Wedge-lab / dpclust

Dirichlet Process based methods for subclonal reconstruction of tumours
GNU Affero General Public License v3.0
28 stars 16 forks source link

.Rdata input file #14

Open davidwedge opened 2 years ago

davidwedge commented 2 years ago

RunDP currently looks for a file dataset.RData in the outdir, and reads in data from this file before running DirichlelProcessClustering. This leads to problems if running DPClust with an output directory that has been previously used, as input data is overwritten with data from a previous run. A possible fix is to add the samplename / seed / date to the Rdata filename.

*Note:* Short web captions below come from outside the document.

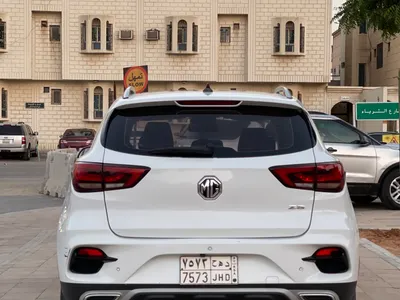2021 ام جي زد اس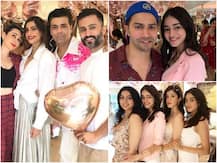 INSIDE PICS from Sonam Kapoor birthday: Ananya Panday, Varun Dhawan, Janhvi Kapoor & other B\'wood celebs have a BLAST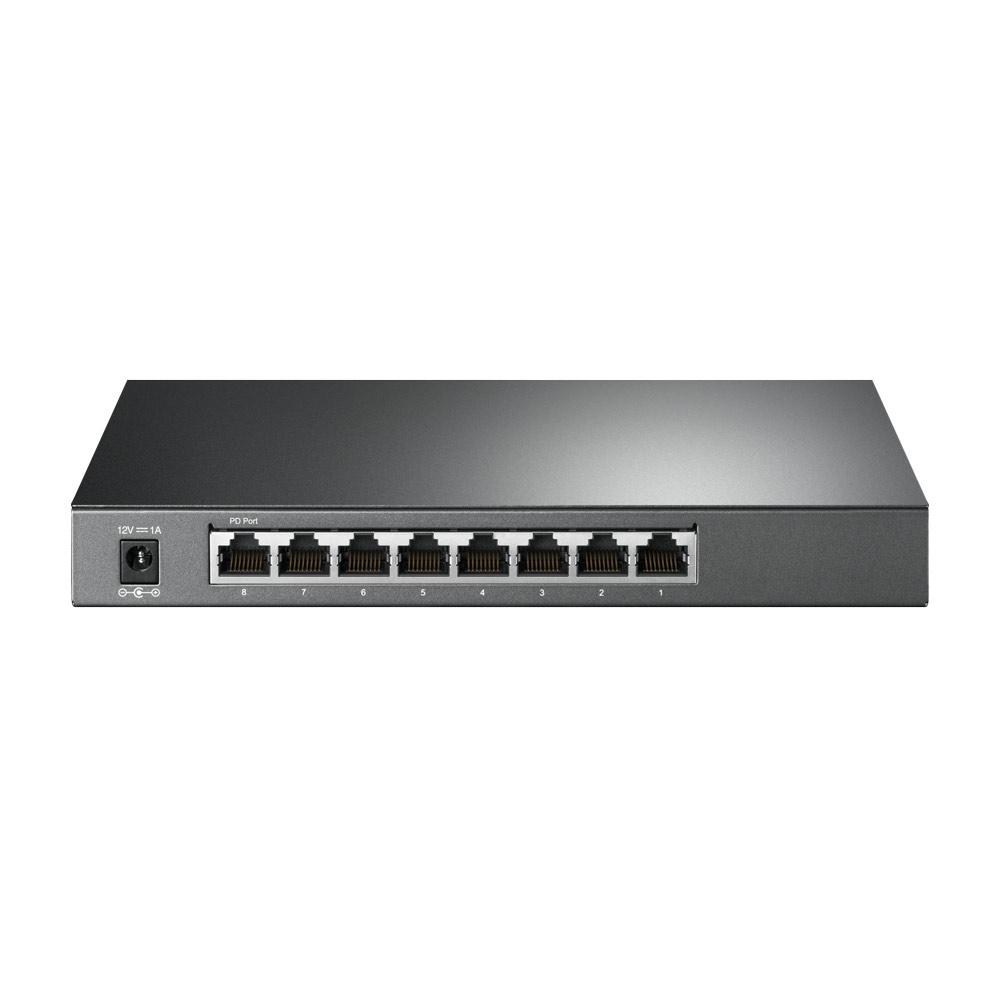Switch TP-Link TL-SG2008 - obrazek 3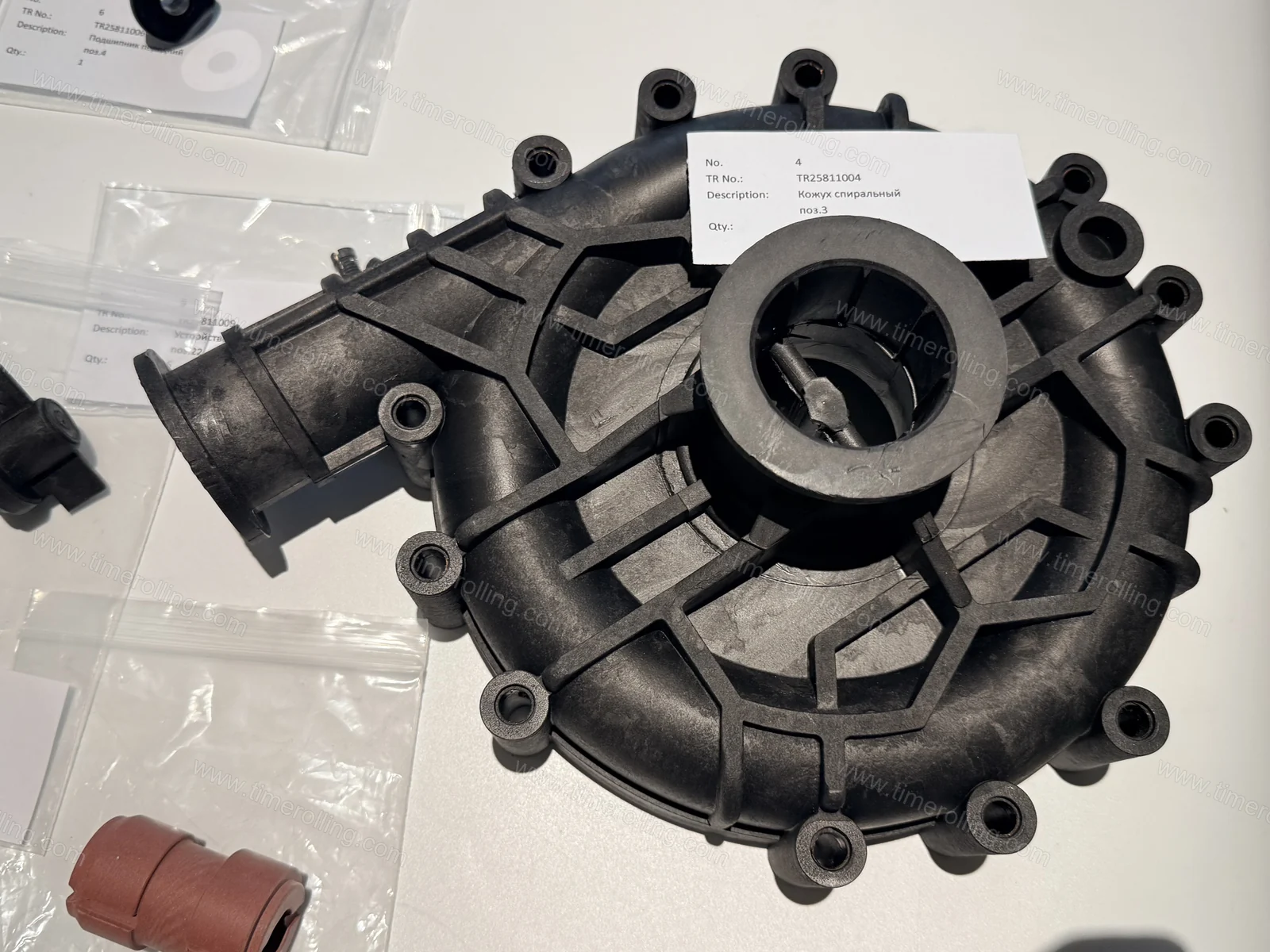 Genuine OEM Насосы & Spare Детали  Argal запасные части насосов 01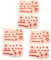 TOYANDONA 6 Pcs Cicatrice Autocollants Fausses Blessures Cosplay Cicatrice Tatouage Halloween Cicatrice Maquillage Halloween Visage Tatouage Halloween Réaliste Faux Tatouage Halloween Faux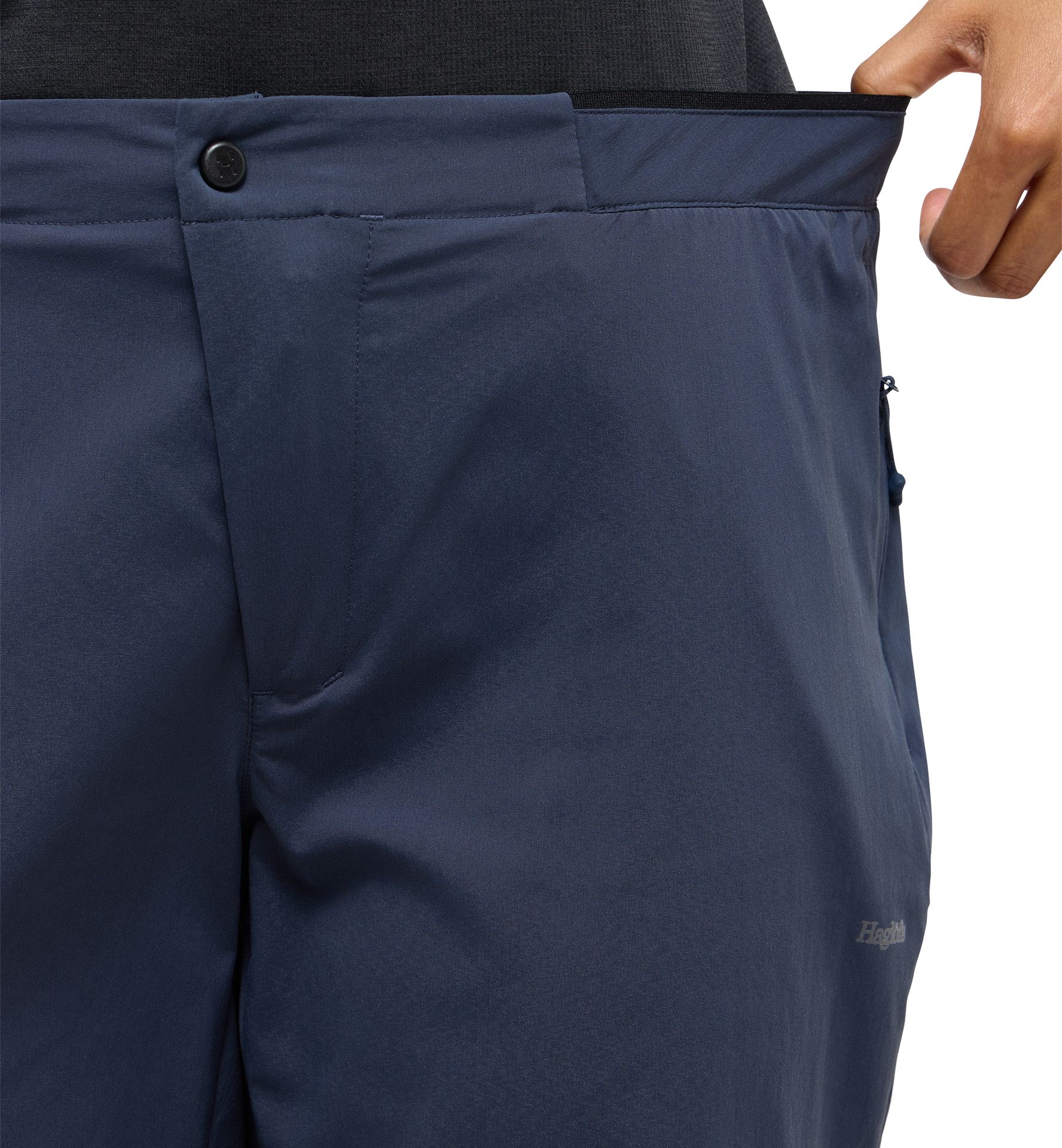 L.I.M Fuse II Shorts Women Tarn Blue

Avramis commented 1 month ago

I created a branch named "Adjust_Rdata_in_DirichletProcessClustering" to address the issue. Instead of using "dataset.RData" as the file name, I introduced a variable called rdata_file_name. The rdata_file_name variable is constructed as follows: rdata_filename = paste(paste0("Seed-", seed), paste0("Date-", chartr(" ", "", Sys.time())), "dataset.RData", sep = "_") This adds the seed and system time to the file name. The rdata_file_name variable is then used as the file name in all instances, replacing the hardcoded "dataset.RData" string.

P.S. If including the exact time in the file name is too specific, we can use the following command to include only the date: rdata_filename = paste(paste0("Seed-", seed), paste0("Date-", Sys.Date()), "dataset.RData", sep = "")

Avramis commented 1 month ago

@MiaoGaoUK, could you please review the changes in the "Adjust_Rdata_in_DirichletProcessClustering" branch and merge them into the main "DPClust" branch?